Van der Waals (vdW) materials, consisting of multiple layers held together by weak vdW forces, have garnered significant interest due to their tunable electronic, optical, and mechanical properties. In this study, a one-dimensional (1D) Nb₂Se₉ nanowire template, known for its p-type semiconductor characteristics, was synthesized and converted into a conductive NbSe₂ nanowire through hydrogen annealing. The conversion process, performed at 300 and 500 °C, maintained the wire morphology and passed through an intermediate NbSe₃ phase.

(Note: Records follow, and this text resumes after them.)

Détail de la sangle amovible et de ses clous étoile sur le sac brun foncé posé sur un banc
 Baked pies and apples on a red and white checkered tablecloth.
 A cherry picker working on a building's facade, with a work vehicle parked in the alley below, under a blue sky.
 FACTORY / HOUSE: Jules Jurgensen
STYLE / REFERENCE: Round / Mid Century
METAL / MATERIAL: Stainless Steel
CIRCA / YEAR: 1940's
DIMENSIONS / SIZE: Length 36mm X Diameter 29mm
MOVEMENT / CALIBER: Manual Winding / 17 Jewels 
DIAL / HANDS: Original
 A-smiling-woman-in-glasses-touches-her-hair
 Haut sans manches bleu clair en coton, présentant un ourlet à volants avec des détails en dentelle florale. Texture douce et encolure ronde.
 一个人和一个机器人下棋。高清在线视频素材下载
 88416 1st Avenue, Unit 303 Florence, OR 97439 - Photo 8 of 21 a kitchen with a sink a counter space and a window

Structural analysis confirmed the conversion, showing preferred orientation growth in the vdWs direction [002]. Raman and X-ray diffraction results indicated that residual Se in the material increased interlayer distances and caused stress in the out-of-plane direction. Electrical measurements demonstrated that the converted NbSe₂ exhibited metallic properties with linear I-V curves and ohmic contact. The NbSe₂ nanowires converted at 300 °C exhibited superior performance, with a breakdown current density of 2.01 MA cm^-2, surpassing conventional nano metallic wire materials like Si, Cu, and SnO₂. This study highlights the potential of NbSe₂ nanowires for applications in nano devices, leveraging their high electrical conductivity and structural integrity maintained at low process temperatures suitable for back-end-of-line (BEOL) processes.